* **YOUR ASSIGNMENT**: Set down, please, exactly the lines below that run from the line with "Розетка компьютерная 2-местная" to the line with "Kussen bloem - roze - ø35x8 cm", both lines included.

BEGIN DATASET ENTRIES

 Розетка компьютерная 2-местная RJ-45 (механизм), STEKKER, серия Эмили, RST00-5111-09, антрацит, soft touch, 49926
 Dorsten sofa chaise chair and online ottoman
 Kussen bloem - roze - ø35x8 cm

END DATASET ENTRIES
BEGIN DATASET ENTRIES

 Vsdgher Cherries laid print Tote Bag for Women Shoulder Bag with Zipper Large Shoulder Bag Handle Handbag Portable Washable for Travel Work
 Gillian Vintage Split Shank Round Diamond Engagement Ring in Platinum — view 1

END DATASET ENTRIES

* **OUTPUT FOR THIS EXERCISE**:
 Розетка компьютерная 2-местная RJ-45 (механизм), STEKKER, серия Эмили, RST00-5111-09, антрацит, soft touch, 49926
 Dorsten sofa chaise chair and online ottoman
 Kussen bloem - roze - ø35x8 cm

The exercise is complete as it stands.